A simple and convenient choice for $M$ for this problem is $$M=\begin{bmatrix}0 & -\cos\phi & -d\sin\alpha \\ 1 & 0 & 0 \\ 0 & \sin\phi & -d\cos\alpha \\ 0&0&1 \end{bmatrix}.$$ This makes the $y$-axis on the plane the transverse axis of the hyperbola and places the origin at the vertex of the lower branch, which is a distance $d$ down the side of the cone. We then have $$M^TQM = \begin{bmatrix}1&0&0 \\ 0&\cos2\phi \sec^2\phi & d\tan\phi \\ 0&d\tan\alpha&0\end{bmatrix}.$$ This corresponds to the equation $$x^2+y^2\cos2\phi\sec^2\phi+2dx\tan\phi=0.$$ Using any of the usual methods we can find that the center of this conic is at $\left(0,-\frac d2\tan2\phi\right)$. Translating the origin to this point produces the equation $$x'^2 + y'^2\cos2\phi\sec^2\phi=d^2\sec2\phi\sin^2\phi.$$ For $\phi\gt\pi/4$, this is a hyperbola (although since $\phi$ is close to $\pi/4$ it is very close to a parabola). From this equation, we can find that the transverse half-axis length is $-\frac d2\tan2\phi$ and conjugate half-axis length is ${d\over\sqrt{1-\cot^2\phi}}$. In your case, $\phi=95°/2=47.5°$ and $d=34.25$, so the half-axis lengths work out to be approximately $195.74$ and $85.54$, respectively.
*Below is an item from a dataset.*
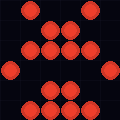 72.63.233.174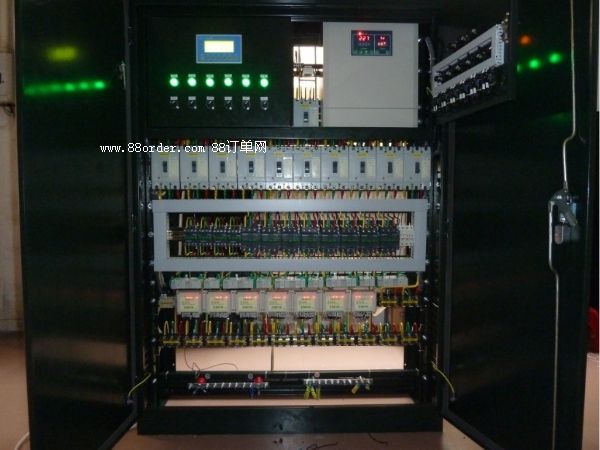 PT-100����������(ji��)�ܿ�����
In Cartesian coordinate, the surface equation of the cone is
$$z^2 = \tan^2\theta(x^2+y^2)\tag 1$$
where $\theta = \frac {85}2=42.5$ deg. The normal vector to the surface of the cut is $n =(0, \cos\theta, \sin\theta)$ and the vertex point of the cut is $V(0, -d\cos\theta, -d\sin\theta)$. Then, for any point $P(x,y,z)$ in the plane of the cut, $n\cdot(P-V)=0$ holds. Explicitly, the equation of the plane is
$$y\cos\theta+z\sin\theta+d=0\tag 2$$
Thus, the equation for the edge of the cut is given by the intersection of the cone (1) and the plane (2), which is a hyperbola. For instance, it is seen from its projection onto the $xy$-plane obtained by eliminating $z$,
$$x^2 - (\cot^4\theta - 1)y^2 +2d\csc\theta\cot^3\theta\> y - d^2\csc^2\theta \cot^2\theta= 0$$
which is a hyperbola because $\cot^4\theta - 1>0$.